Over the years, Jia, who began as an underground filmmaker, has had ongoing battles with the Chinese censors. He scrapped a film about a man's sex life because of anti-pornography laws and abandoned a historical spy film about the Communists and the Kuomintang because the censor board insisted that the Communist spies be portrayed as "superheroes," he told a Shanghai film conference in 2011.

Of course, a Cannes premiere is no guarantee the film won't get banned: It happened to Lou Ye's 2006 Cannes competition film, Summer Palace. But Jia's film has a couple of things in his favour. A Touch of Sin (the title alludes to a 1971 martial arts film, A Touch of Zen) is co-produced by Jia's production company and the state-backed studio, Shanghai Film Group, which virtually assures its release.
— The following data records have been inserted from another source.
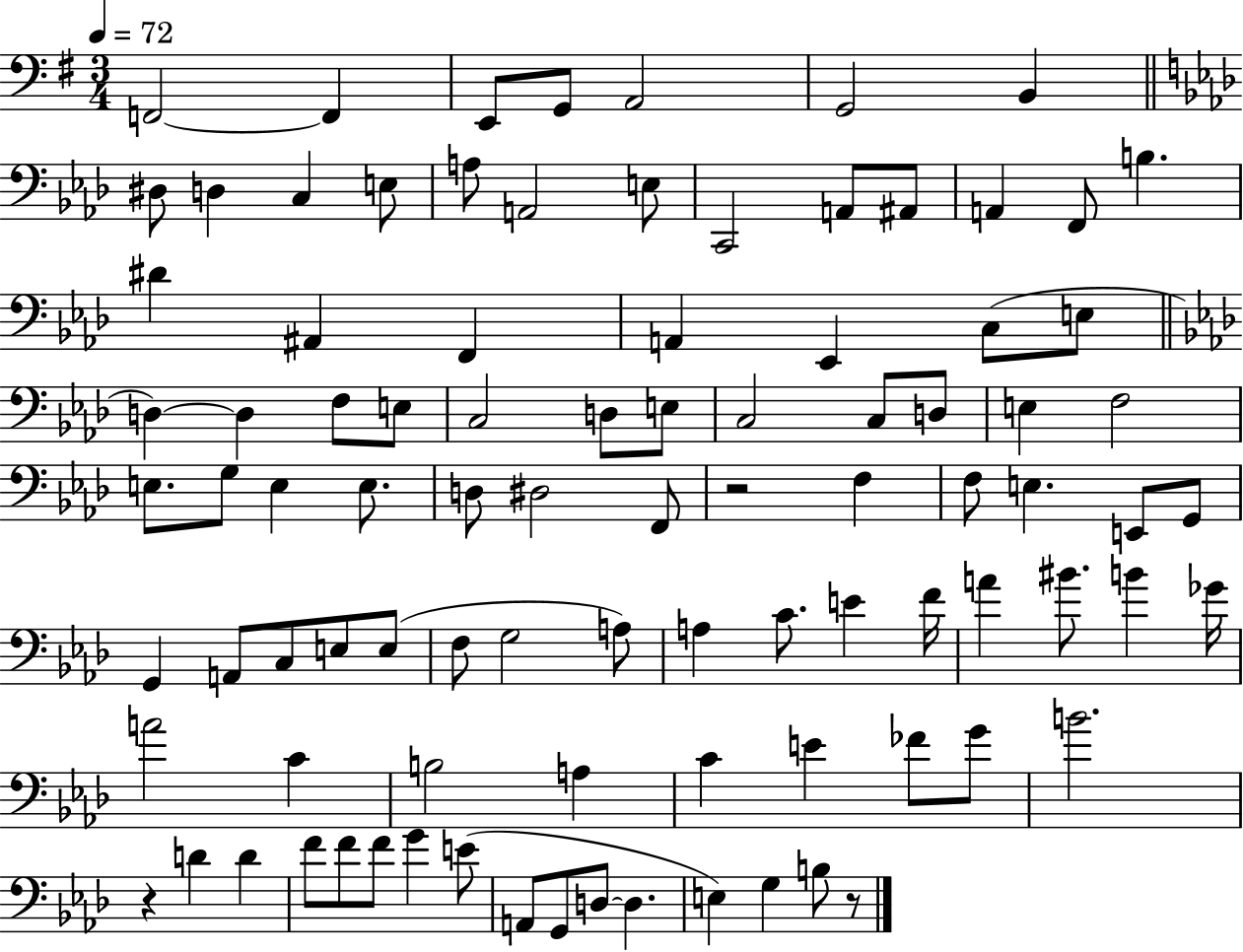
F2/h F2/q E2/e G2/e A2/h G2/h B2/q D#3/e D3/q C3/q E3/e A3/e A2/h E3/e C2/h A2/e A#2/e A2/q F2/e B3/q. D#4/q A#2/q F2/q A2/q Eb2/q C3/e E3/e D3/q D3/q F3/e E3/e C3/h D3/e E3/e C3/h C3/e D3/e E3/q F3/h E3/e. G3/e E3/q E3/e. D3/e D#3/h F2/e R/h F3/q F3/e E3/q. E2/e G2/e G2/q A2/e C3/e E3/e E3/e F3/e G3/h A3/e A3/q C4/e. E4/q F4/s A4/q BIS4/e. B4/q Gb4/s A4/h C4/q B3/h A3/q C4/q E4/q FES4/e G4/e B4/h. R/q D4/q D4/q F4/e F4/e F4/e G4/q E4/e A2/e G2/e D3/e D3/q. E3/q G3/q B3/e R/e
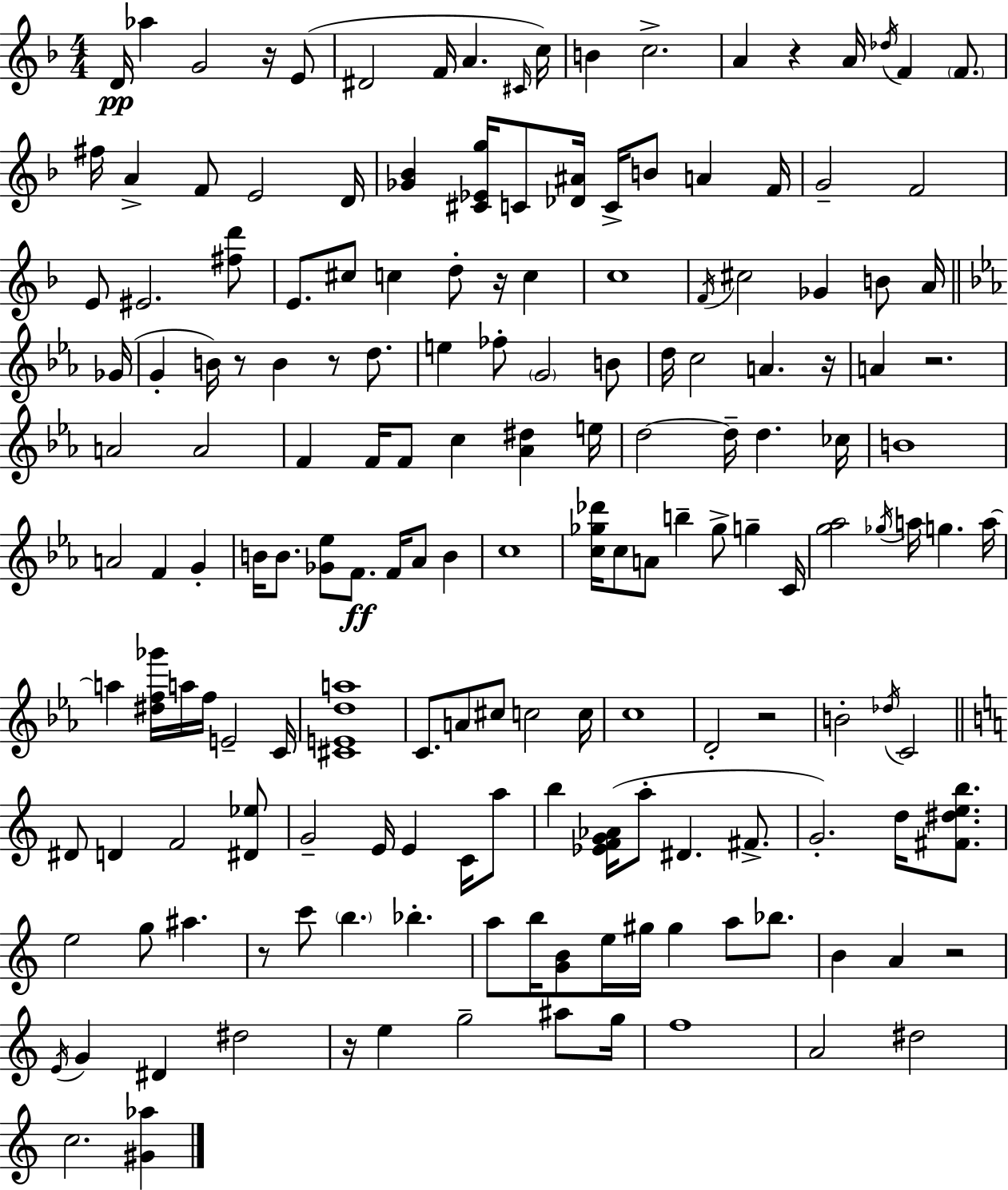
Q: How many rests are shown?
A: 11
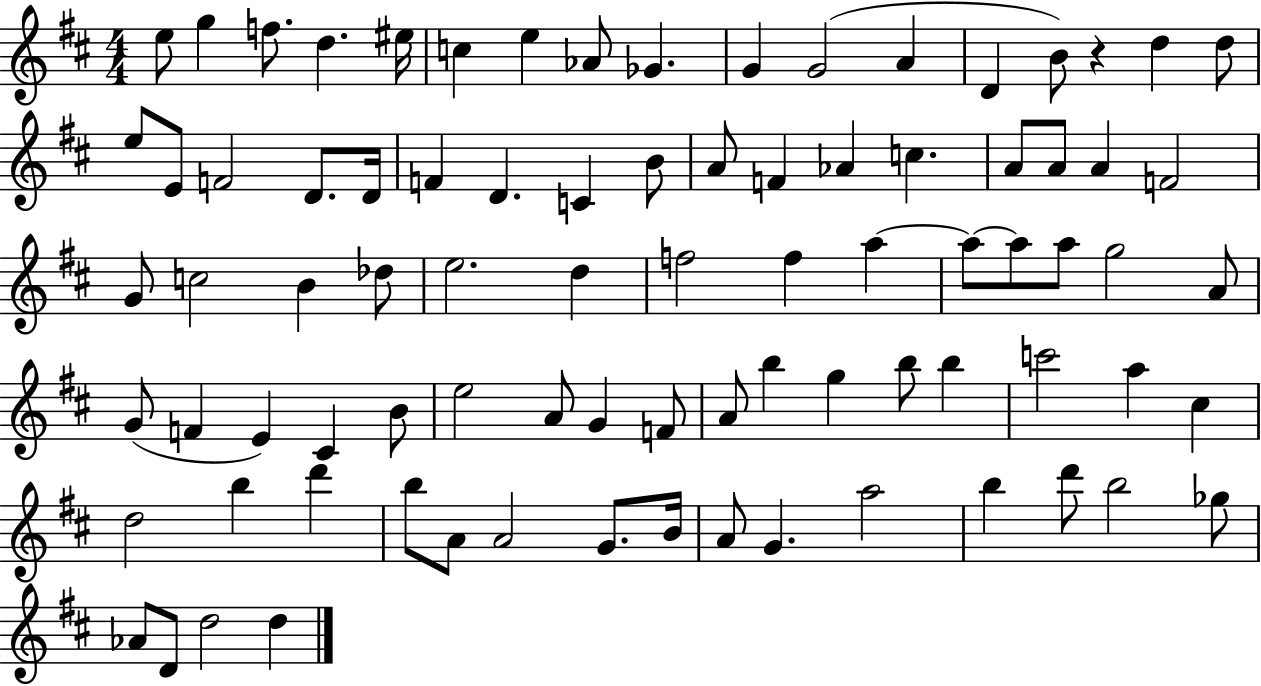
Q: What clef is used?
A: treble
At yesterday's press conference, Jia seemed confident his film will be seen by its home audience: "The film has been approved by the censor board and we hope it will be released in autumn."
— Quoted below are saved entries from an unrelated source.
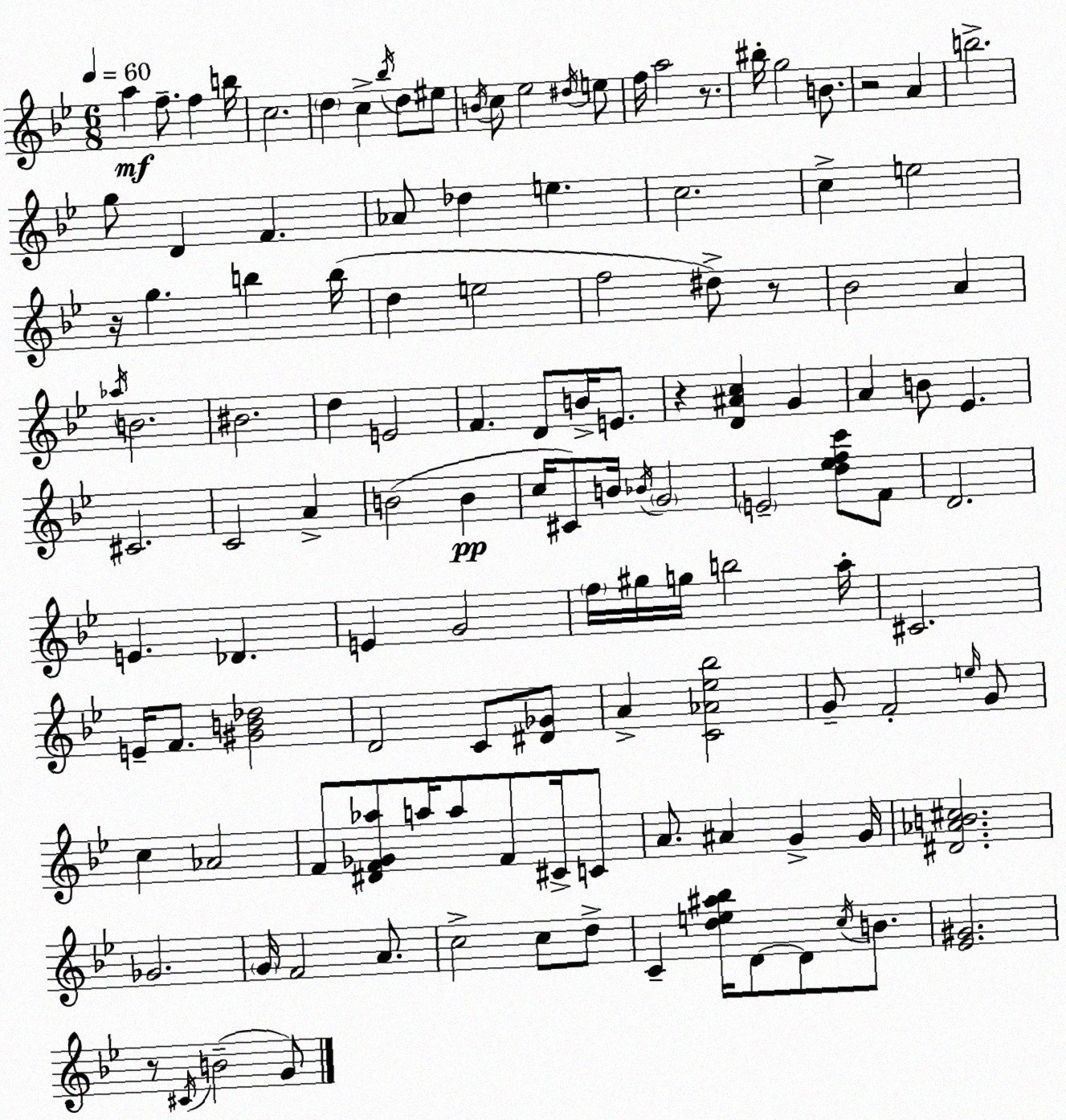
X:1
T:Untitled
M:6/8
L:1/4
K:Bb
a f/2 f b/4 c2 d c _b/4 d/2 ^e/2 B/4 c/2 _e2 ^d/4 e/2 f/4 a2 z/2 ^b/4 g2 B/2 z2 A b2 g/2 D F _A/2 _d e c2 c e2 z/4 g b b/4 d e2 f2 ^d/2 z/2 _B2 A _a/4 B2 ^B2 d E2 F D/2 B/4 E/2 z [D^Ac] G A B/2 _E ^C2 C2 A B2 B c/4 ^C/2 B/4 _B/4 G2 E2 [d_efc']/2 F/2 D2 E _D E G2 f/4 ^g/4 g/4 b2 a/4 ^C2 E/4 F/2 [^GB_d]2 D2 C/2 [^D_G]/2 A [C_A_e_b]2 G/2 F2 e/4 G/2 c _A2 F/2 [^DF_G_a]/2 a/4 a/2 F/2 ^C/4 C/2 A/2 ^A G G/4 [^D_AB^c]2 _G2 G/4 F2 A/2 c2 c/2 d/2 C [de^a_b]/4 D/2 D/2 c/4 B/2 [_E^G]2 z/2 ^C/4 B2 G/2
In China, where Django Unchained, Skyfall and Cloud Atlas were all recently shown with minor cuts, perhaps officials are finally ready for their homegrown brand of vigilante payback.

REVIEW OF THE DAY

The Past

  • Directed by Asghar Farhadi
  • Starring Bérénice Bejo, Ali Mosaffa and Tahar Rahim

Moving from his native Iran to France, the Oscar-winning director of A Separation hasn't lost a beat in another impeccably crafted film about another domestic crisis. This one suggests an Ibsen play set in modern, immigrant-filled Paris.

Ahmad (Mosaffa) arrives in France from Tehran after four years, to divorce his wife, Marie (The Artist's Bérénice Bejo), at her request. In a series of revelations that unfold with the intricacy of a sort of narrative dance of the seven veils, Ahmad discovers a family of complex dysfunction. It starts with 16-year-old Lucie (Pauline Burlet), a daughter from a previous marriage; she is vehemently opposed to Marie's new beau, Samir (Tahar Rahim), whose comatose wife lies in hospital.

An extensive rehearsal period and long shoot have assured that the performances here, including those of children, feel note-perfect. Still, by the end the pile-on of revelations gets exhausting. And there really does seem to be a surfeit of unstable women.

For writing, acting and visual care, though, The Past is easily the festival's standout from among its first half-dozen films.